She flinched. His comment had clearly struck a nerve about her parents.
“I know it looks bad,” she said in a low voice. “But this is all circumstantial.”
“His past suggests he’s troubled. Maybe those crimes with the girls triggered something in him––you know about the cycle of the abuse. And these photographs are of the crime scenes. He had to be present to have taken them.”
“Where’s his camera, then?” Ellie said. “And the dresses? If he prepares ahead, why aren’t those things here?”
Derrick chewed the inside of his cheek. “Maybe he keeps them somewhere else. He could have a secret place on the AT that we don’t know about.”
“The perp could have planted these pictures to frame Cord,” Ellie said.

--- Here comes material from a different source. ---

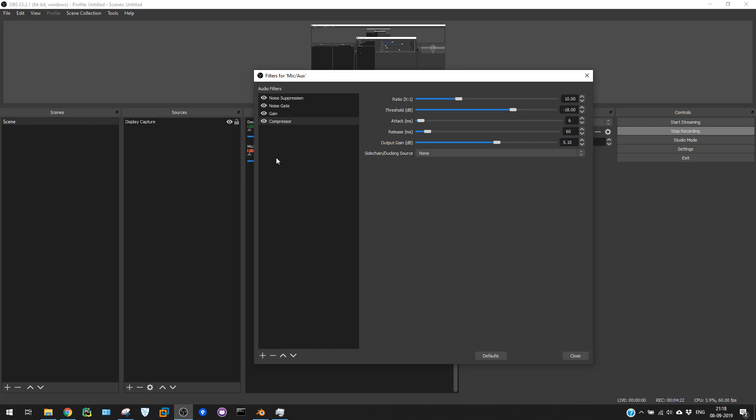Now I got the proper mic and also I have the proper settings, so I'm able to get proper voice in my videos. I hope you enjoyed this video and I hope you understand some of the settings. This will help you for your videos.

She had her head in the sand. “Did he plant those books on symbolism, too? And what about how he grew up? And the fact that he won’t talk now?”
Ellie cut him a venomous look. “I’m calling a team to process the house.”
“I was just going to do the same thing.” She could argue Cord’s innocence all day long.
But he went by the book. Evidence told the story. And right now, it was stacked against Cord McClain.
Ninety-Nine
He’d heard those old biddies gossiping in town. One of them, that crazy-mean old Maude Hazelnut who liked to dish about everyone in town, pointing fingers here and there and airing everyone’s dirty laundry when she was nothing but a fraud herself, had gotten under his skin.
Her granddaughter was just like her.
Except she was as pretty as a peach. She knew it, too. Used her good looks to lure men into sleeping with her until she got knocked up. Then she robbed them blind.
It was time she got a lesson of her own.
He jimmied the lock on the door to her plush bedroom. He knew it was plush because he’d been here before. He knew all about the women he took. His feet sank into three-inch deep white carpet and the smell of some expensive perfume nearly knocked him over as he tiptoed to her underwear drawer to rifle through it. He was sure it was full of sheer lace and satin.
But she wouldn’t be wearing any of that when he was finished with her.
And Meddlin’ Maude would be screaming at the heavens, wondering why God had forsaken her and brought evil into her family’s life.
Truth was, Maude was evil herself. And one day everyone would know it.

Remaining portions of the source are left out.